Amorphization of silicon induced by nanodroplet impact: A molecular dynamics study

Abstract

The hypervelocity impact of electrosprayed nanodroplets on crystalline silicon produces an amorphous layer with a thickness comparable to the droplet diameters. The phase transition is puzzling considering that amorphization has not been observed in macroscopic shock compression of silicon, the only apparent difference being the several orders of magnitude disparity between the sizes of the macroscopic and nanodroplet projectiles. This article investigates the physics of the amorphization by modeling the impact of a nanodrop on single-crystal silicon via molecular dynamics. The simulation shows that the amorphization results from the heating and subsequent melting of a thin layer of silicon surrounding the impact area, followed by an ultrafast quenching with cooling rates surpassing 1013 K/s. These conditions impede crystalline growth in the supercooled liquid phase, which finally undergoes a glass transition to render a disordered solid phase. The high temperature field near the impact interface is a localized effect.
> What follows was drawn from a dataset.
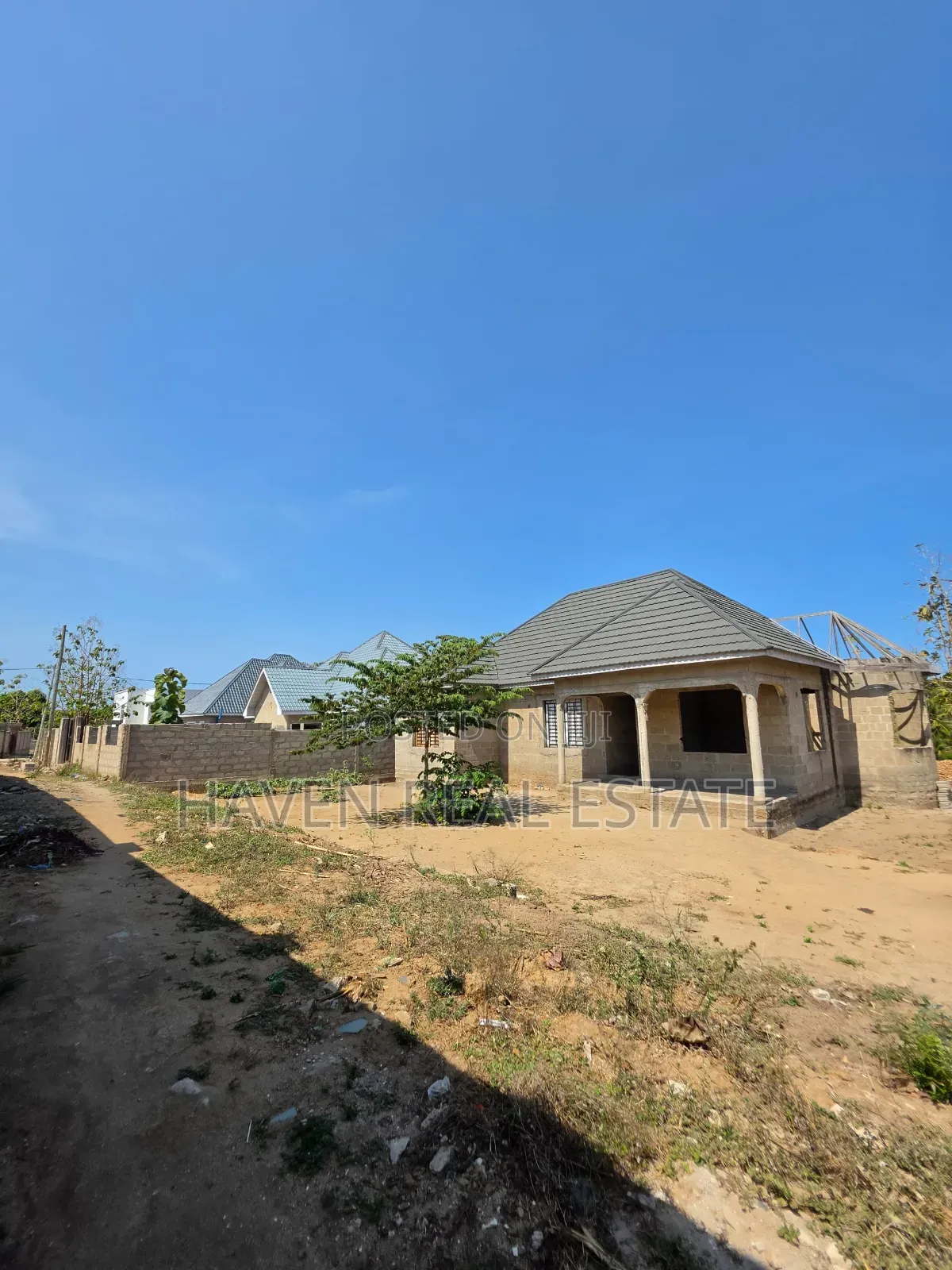 3bdrm House in Goba for sale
The significantly different temperatures and cooling rates near the surface and in the bulk explain why amorphization occurs in nanodroplet impact, while it is absent in macroscopic shock compression. Since these high temperatures and ultrafast quenching rates are likely to occur in other materials, nanodroplet impact may become a general amorphatization technique for treating the surfaces of most crystalline substrates.